Near the end of his new novella Mystery Road, Kevin Lucia makes an explicit reference to The Twilight Zone. It’s a playful moment that exemplifies the author’s uniquely conversational prose style, but it also underlines the book’s evident genealogy. Lucia seems clearly and consciously engaged with a specific lineage of “speculative humanism,” which includes but is not limited to writers like Richard Matheson, Ray Bradbury, Stephen King, and yes, Rod Serling.
Mystery Road manages a balancing act of paying homage to these antecedents while also maintaining a personal voice and narrative.
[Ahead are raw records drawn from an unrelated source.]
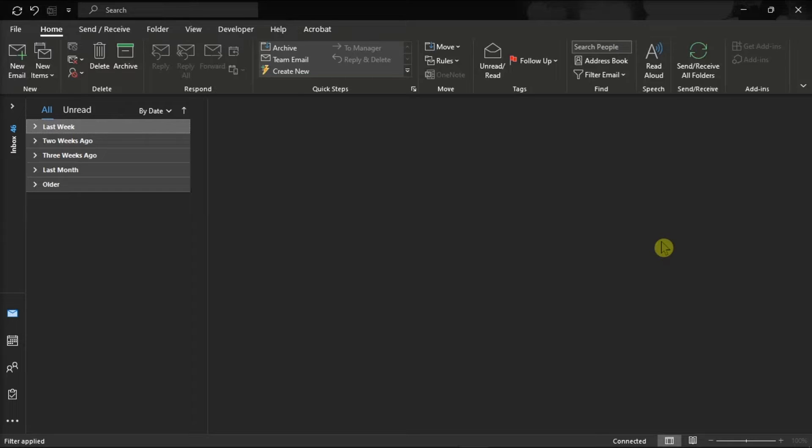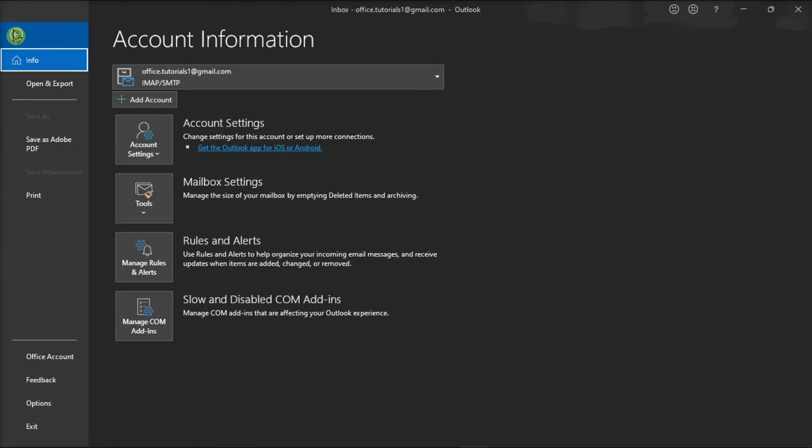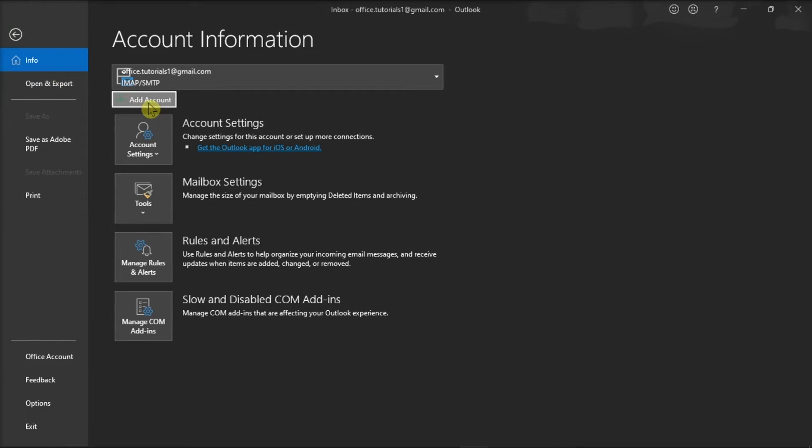Now, in connecting your Yahoo Mail account to your Microsoft Outlook, start the process by going to the File tab, click Info from the left categories, and select Add Account.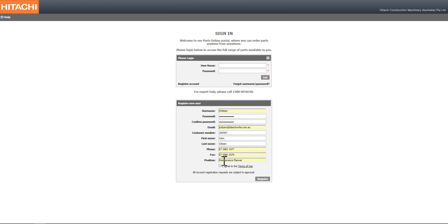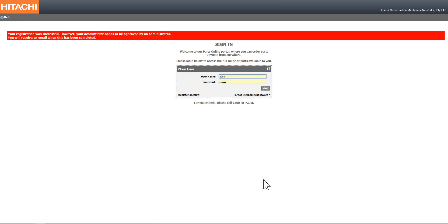Upon agreeing to the terms of use and selecting register, your account will go in for approval, and upon its successful creation, you will receive an email notifying you that your account is now ready for use.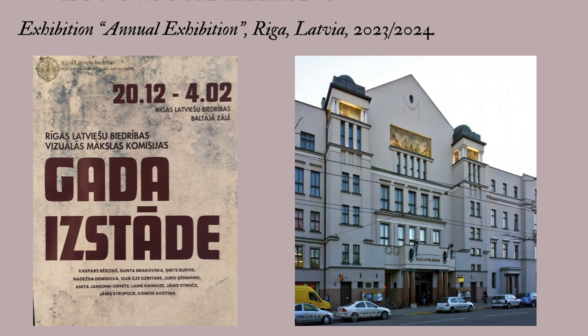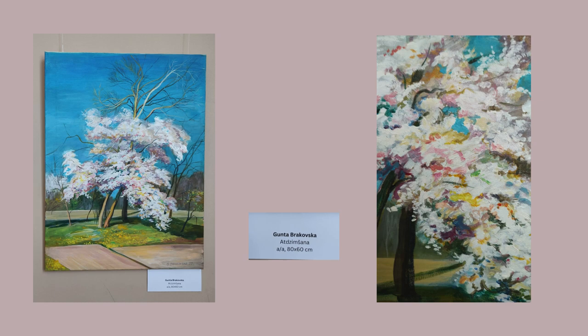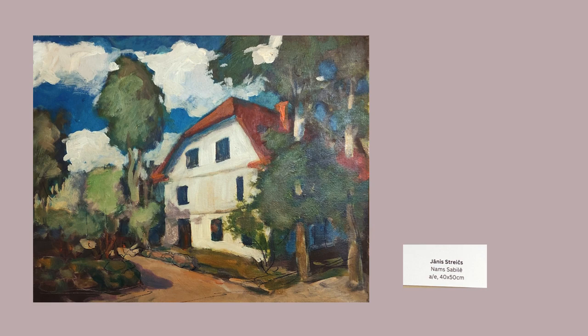The second exhibition, Annual Exhibition, was held at the Riga Latvian Society House. This exhibition made a big impression on me because I discovered a wonderful artist, Janis Strykes.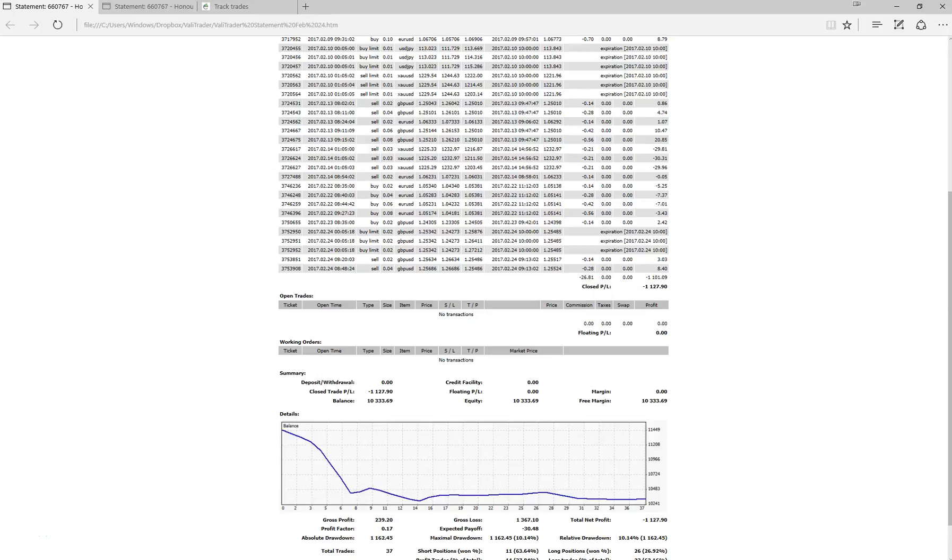Hello traders, Adam Hansen for valortrader.com and welcome to video 7 of our performance review of Invest in Forex Automated Systems.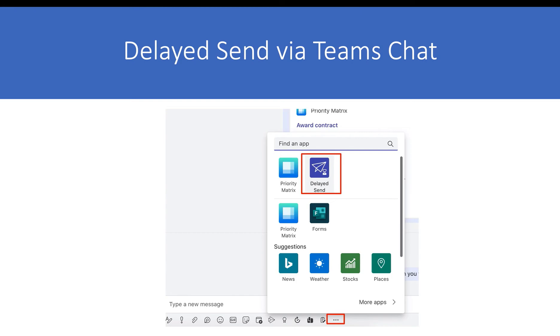The best practice for easily accessing Delayed Send is via your Microsoft Teams chats by choosing the three dots in your lower toolbar and opening Delayed Send.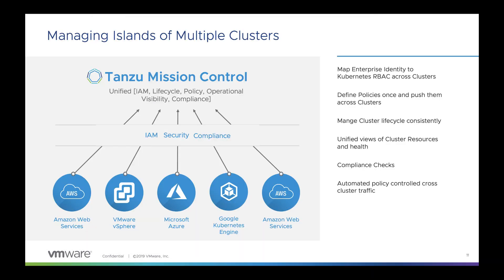VMware's Tanzu Mission Control is a unified platform that brings together management of different Kubernetes clusters that are spread across different clouds and allows operation teams to define consistent policies around security and access control throughout these different clusters.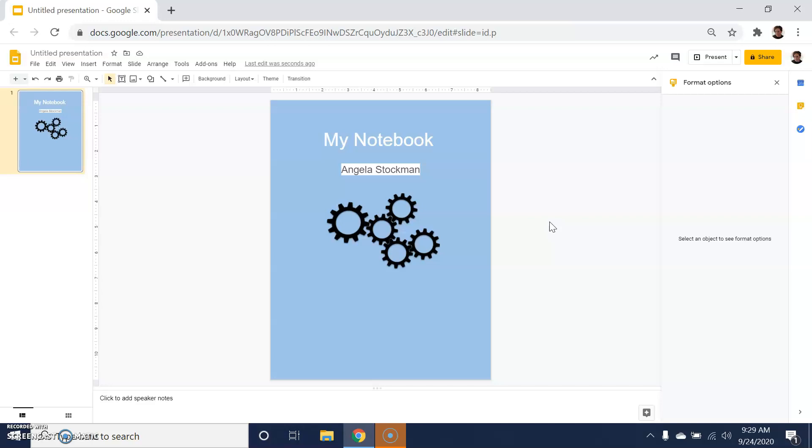In another tutorial, I'll be sharing one of my favorite tools, Canva, which can up your game a little bit and enable you to create incredibly beautiful digital notebooks that look like they are professionally designed.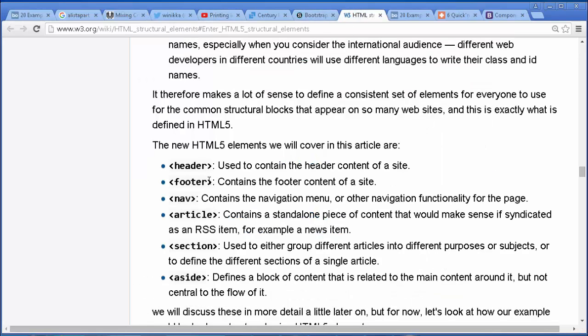Footer: you might have a footer for every individual article, like a blog post. There may be footer information for an article, but there's also going to be a footer at the bottom of the page. Nav: we may have more than one navigation bar, so every time you're creating navigational content, stick it in a nav instead of a div.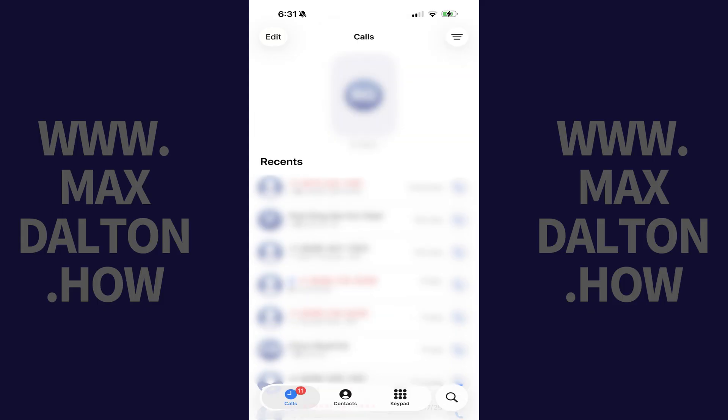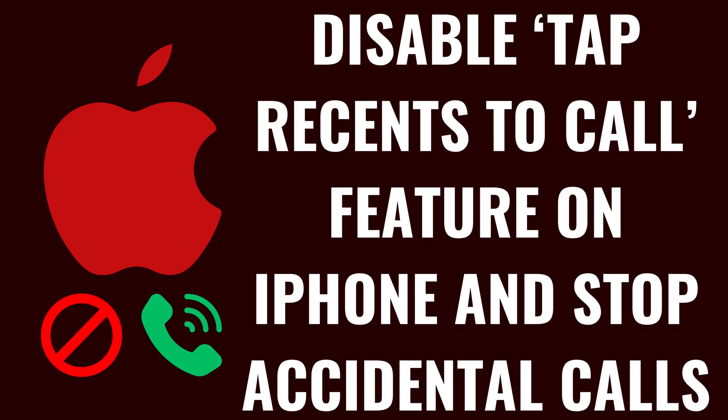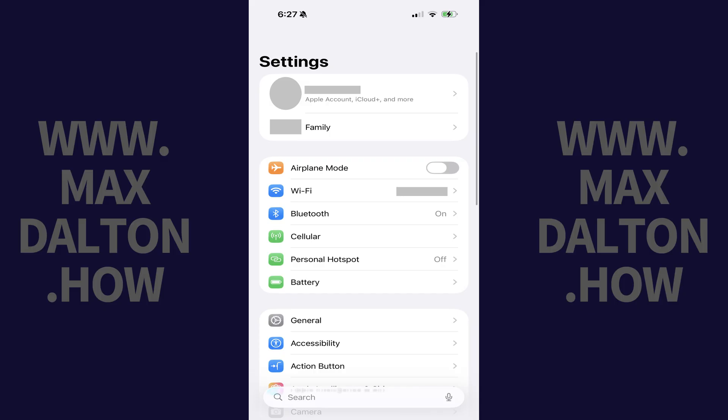You'll now be using the unified view, which consolidates your incoming calls, outgoing calls, and voicemail messages into one menu. Now that you're using the unified view, let's walk through the steps to disable the Tap Recents to Call feature on your iPhone, which will help you stop making accidental phone calls.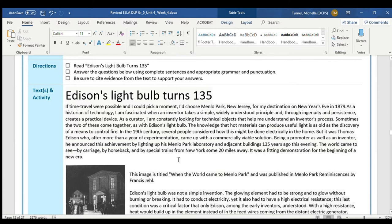Now we're going to read the text together. Edison's Lightbulb Turns 135. If time travel were possible and I could pick a moment, I'd choose Menlo Park, New Jersey for my destination on New Year's Eve in 1879. As a historian of technology, I am fascinated when an inventor takes a simple, widely understood principle and, through ingenuity and persistence, creates a practical device. As a curator, I am constantly looking for technical objects that help me understand an inventor's process. Sometimes the two of these come together, as with Edison's lightbulb.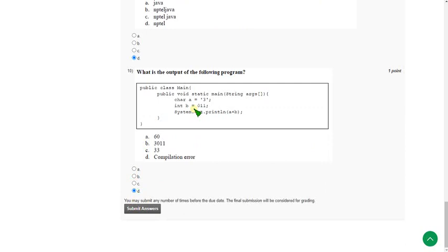So friends, these are the solutions regarding Week 2 Programming in Java quiz assignment. Hope this video is helpful for you. If you feel the same, please subscribe to our channel, like this video, and share it with your friends. If you have any doubts, please comment in the comment section and I will try to reply to those valid queries. For further weekly videos and videos regarding other courses, please refer to our channel and keep supporting us.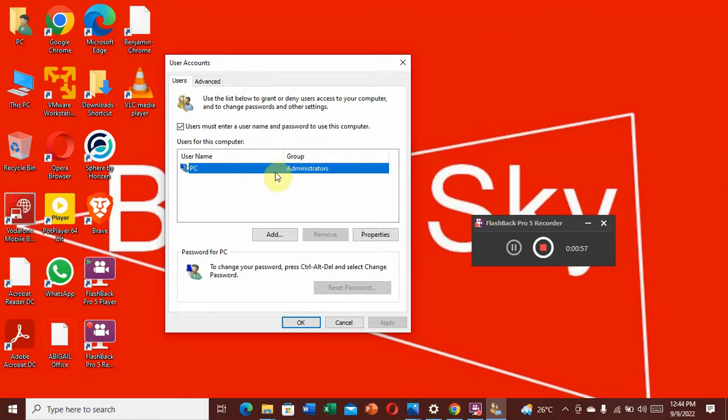Then click on Remove to remove that person. Thank you guys, I hope this tutorial was helpful.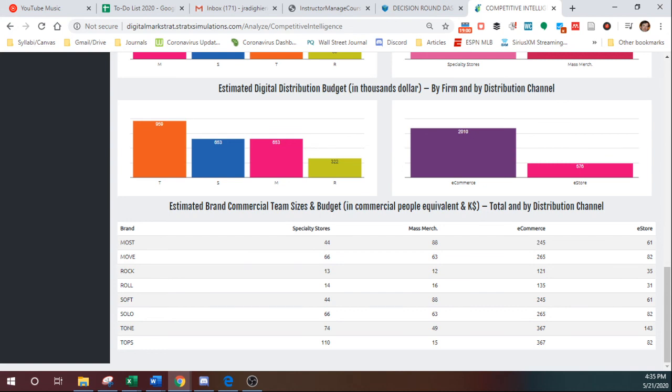So if you're struggling with distribution coverage, you'll probably find in this report that you have far fewer salespeople than your competitors.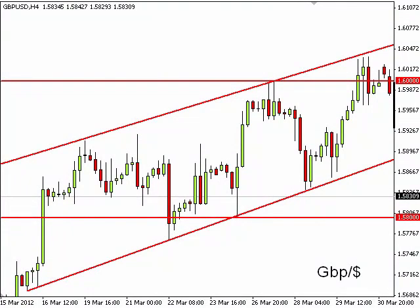How to plan the trade. One of the key ingredients to becoming successful as a Forex trader is the obvious ability to spot a potential trade, but also of equal importance is being able to calculate the reward versus the risk.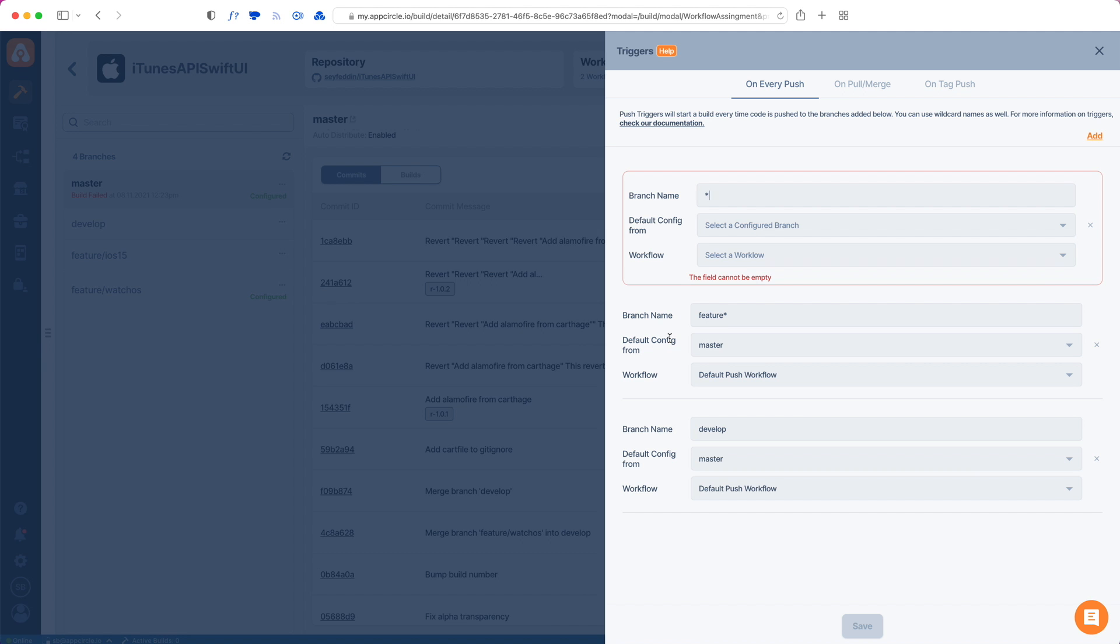and ensure that AppCircle builds whenever you want it to. Thank you for watching and I'll see you on the next video.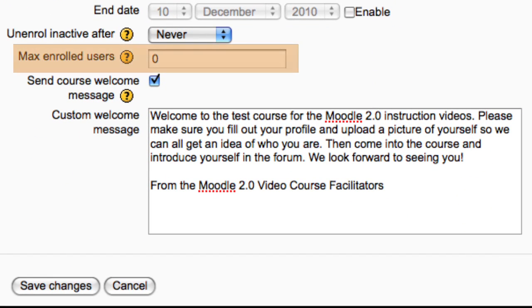Also the maximum number of spaces available in the course. Setting it to zero means that there are unlimited spaces.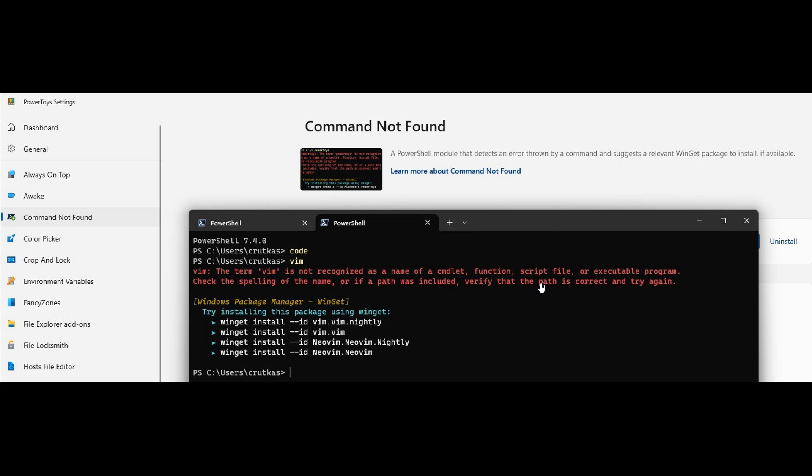And we can also see that if you make a typing mistake, a typo, it will also suggest the correct correction for that. So this may be good news if you are using PowerToys, running scripts and commands on a regular basis.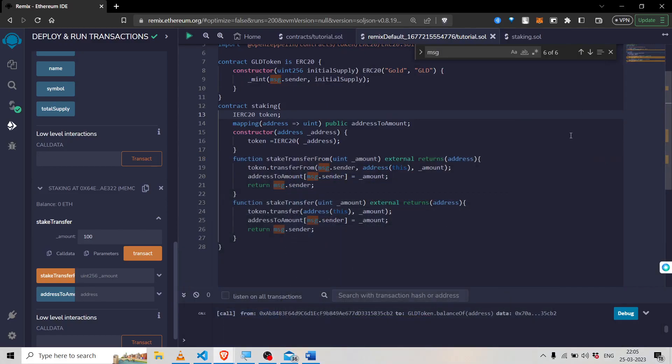Hello developers, welcome to this video where we will be discussing the difference between the transfer and transferFrom function in the context of smart contract development. When working with cryptocurrencies or any kind of digital asset on blockchain, it is important to understand that these assets are transferred from one account to another account, and also from one contract address to account and vice versa.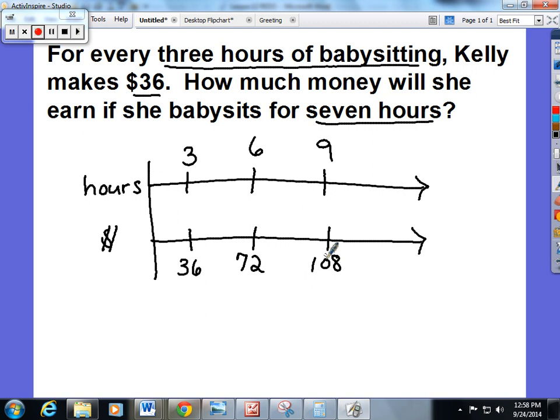The problem with this double number line diagram is that you don't have a seven. So there are two ways you can tackle this problem. I'm going to show you the more difficult way first — if you don't get this way, you're going to have to choose the easier way, and that's fine too. To get seven, I'm going to break this section of my line up into six, seven, eight, and nine.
Simultaneously, it manages to dip its toes into sentimentality (a useful and effective tool when used properly) without ever soaking it up. Rather, the sentimentality serves a clear, necessary purpose: this novella actually weaves emotional catharsis into the build-up and release of its Twilight Zone-esque twist. This is a carefully built piece of fiction whose elements are brought together toward clear and affecting ends.
Much like the plot structure, the prose is remarkably lucid. Like King, Lucia recognizes the power of memory-induced imagery and sensation; also like King, he identifies the ways in which brand names and products have become irrevocably folded into American identity since the mid-twentieth century—in Mystery Road, a vintage 7UP bottle develops nearly mythic resonance.
The book also demonstrates a strongly developed sense of characterization and dialogue, which reinforce its tricky emotional through-line. Mystery Road is a talented author’s personal variation on genre traditions. It’s so clearly and elegantly written that I couldn’t help but read the whole thing in one sitting.